Material from the Copper Age Remedello cemetery (Italy—Chierici 1884, tav. VI)

In 1884, Adrien Jeanjean published a paper, ‘L’Âge du cuivre dans les Cévennes’, in which he discussed new evidence confirming Cazalis de Fondouce’s (1875, pp. 188–189) hypothesis of a Copper Age in southern France, referencing the evidence from Iberia, Hungary, and Wilde’s (1861) Dublin catalogue (Jeanjean 1884). In 1886, Emile Cartailhac, reviewing Iberian prehistory in his Les âges préhistoriques de l’Espagne et du Portugal (1886), accepted a Copper Age not only in Portugal and Spain, but also in France (specifically the Cévennes), in Switzerland and in Austria (Cartailhac 1886, pp. 210–211). The eminent anthropologist (and honorary vice-president of the Congrès international d’anthropologie et d’archéologie préhistoriques), Jean Louis Armand de Quatrefages de Bréau, endorsed this opinion (Quatrefages 1886, pp. xxv–xxvi): it was now acceptable to posit a Copper Age. It is noteworthy that Oscar Montelius too, in his (1885) Om tidsbestämning inom bronsåldern med särskildt afsende på Skandinavien (1885; English translation, Dating in the Bronze Age with Special Reference to Scandinavia, 1986), accepted the existence of a Copper Age ‘in Hungary … as in other European countries’ (Montelius 1986, p. 64).

Troy and Knossos: An Alternative Approach to Chronology

Although Heinrich Schliemann did not attend the Congrès international d’anthropologie et d’archéologie préhistoriques held in Budapest in 1876, his collaborator Rudolf Virchow did, and Schliemann discusses the congress debate on the Copper Age in his Ilios (1880, p. 257), saying that von Pulszky placed two cases of copper objects in the Prehistoric Exhibition ‘in order that they might serve as proofs of the existence of a Copper age, which he authenticated in his lecture before the Congress’, a phrasing that suggests that Schliemann accepted von Pulszky’s arguments. Schliemann found the two earliest ‘cities’ at Hissarlik to be characterised by copper metallurgy with no evidence for bronze (Schliemann 1880, p. 258), citing W. Chandler Roberts’s comment that ‘it would appear that they belong to a pre-Bronze age’ (Schliemann 1880, p. 251), but he did not explicitly assign them to the Copper Age, probably because he believed the second ‘city’ to be that of Priam and the Trojan War. Rather than adopting the Three Age System and dating the artefacts and structures that he found on the basis of technology, Schliemann provided a relative chronology based on the stratigraphy of his own excavations at Hissarlik and the succession of ‘cities’ that he found there. As Virchow (1880, p. x) comments in his preface to Schliemann’s Ilios, this provides us with an ‘order of succession’ of the material Schliemann found, telling us ‘what is older and what later’; Schliemann did not, however, find Neolithic levels at the site, so that Hissarlik could not document the transition to the use of metals (Virchow 1880, p. xi). The deep stratigraphy at Hissarlik (some 16 m—Schliemann 1880, p. vii) and the successive ‘cities’ of ‘Troy’ has since served as a reference chronology for Thrace, western Anatolia and the northern Aegean.

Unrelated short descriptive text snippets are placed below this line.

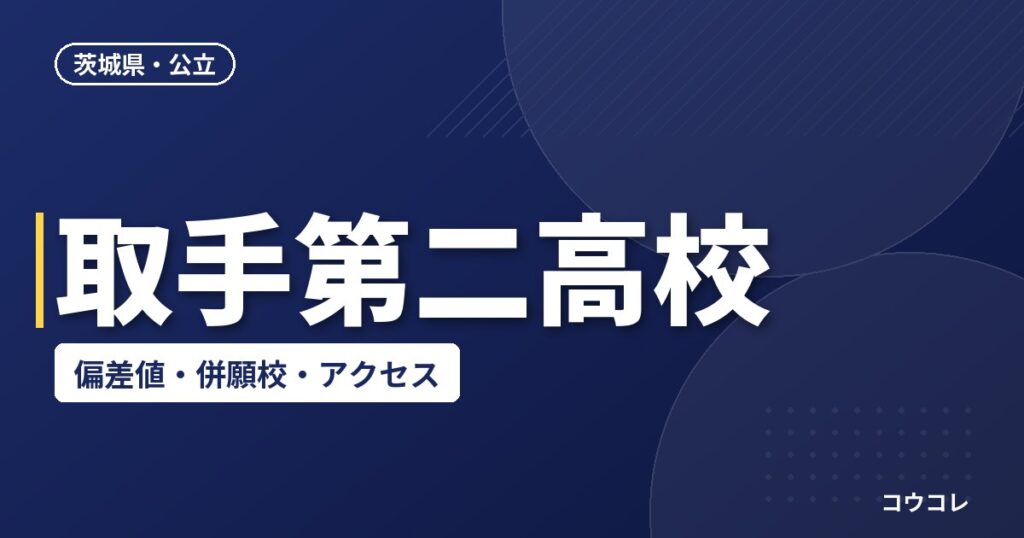取手第二高校の偏差値・併願校・アクセス(2026-2027)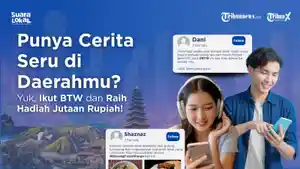 Update-cerita-daerahmu-di-BTW-TribunX.jpg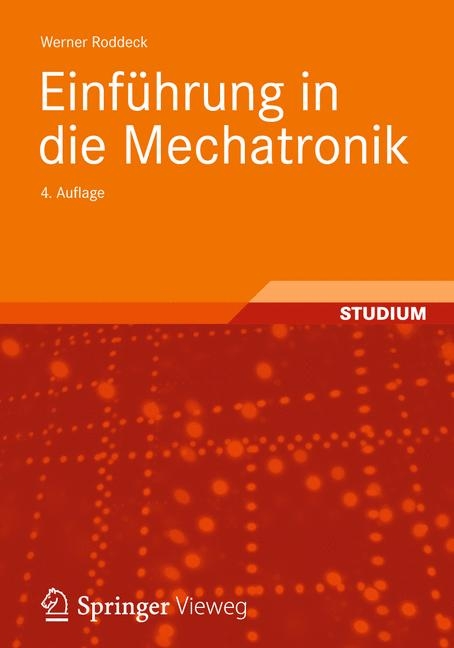 Einführung in die Mechatronik - Werner Roddeck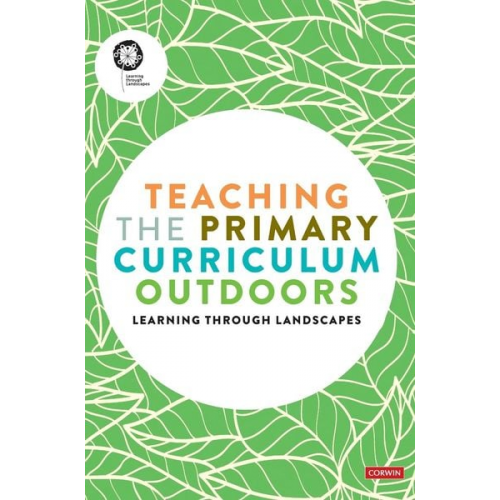 Learning Through Landscapes - Teaching the Primary Curriculum Outdoors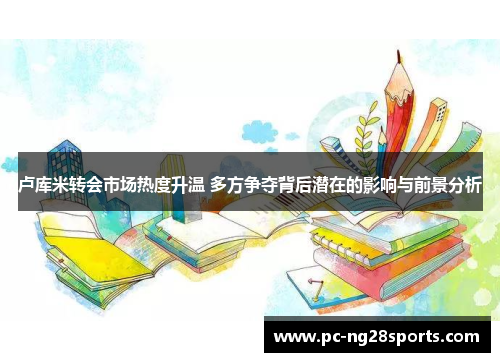 卢库米转会市场热度升温 多方争夺背后潜在的影响与前景分析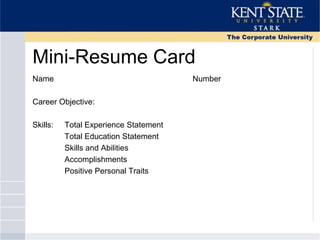 Mini-Resume Card
Name Number
Career Objective:
Skills: Total Experience Statement
Total Education Statement
Skills and Abilities
Accomplishments
Positive Personal Traits
 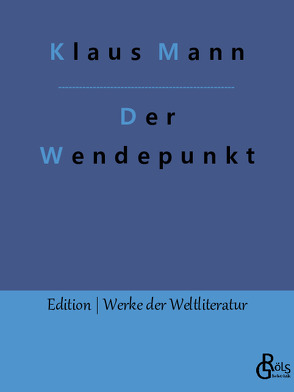 Der Wendepunkt von Gröls-Verlag,  Redaktion, Mann,  Klaus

Sir Arthur Evans used a similar stratigraphic premise for the ‘Minoan’ chronology that he proposed in 1905 for Crete, based on his excavations at Knossos (Evans 1906). As he later wrote, ‘the term “Minoan” as used for the present purpose embraces the Copper and Bronze Ages of Crete, but does not include the more primitive stage of culture represented by the Later Stone Age’ (Evans 1921, p.13). Evans’s ‘Minoan’ culture of Crete ‘has its starting-point in the transitional Age during which the use of stone for implements and weapons was beginning to be supplemented by that of copper’, but rather than ‘Copper Age’ or ‘Chalcolithic’, he preferred to term it ‘Early Minoan I’ (Evans 1921, p. 32, cf. p.68). In a climate of intense competition between foreign archaeologists excavating the palaces and sites of Minoan Crete, after Cretan autonomy from the Ottoman Empire opened up the island to excavation in 1898, Evans’s chronology, which centred on Knossos and his excavations there, might perhaps be interpreted as an attempt to hegemonise the discourse of prehistoric Crete. Indeed, Evans’s chronology does not accurately reflect the stratigraphic succession everywhere on the island, such as at the palace of Phaistos, where Italian excavations began in 1900, a few months after Evans’s at Knossos (Pernier 1935, pp. xiii, xvi). While Evans concentrated on the relative stratigraphy of Knossos, Italian scholars were much more alive to the Copper Age (e.g. Mosso 1910, pp. 103–116: Chapter VI, ‘The Copper Age in Crete and primitive Minoan pottery’). Recently some authors have argued for the recognition of a Chalcolithic in Greek archaeology (e.g. for southern Greece, to recognise the importance of metallurgy: Maran 1998, pp. 7–9; for Crete: Nowicki 2008), but most who work on the southern Aegean continue to follow Renfrew (1972, pp. 64, 76, tab. 5.1), who inserted a final Neolithic after the late Neolithic (Weinberg 1947) and before the early Bronze Age (Pullen 2003, p. 25).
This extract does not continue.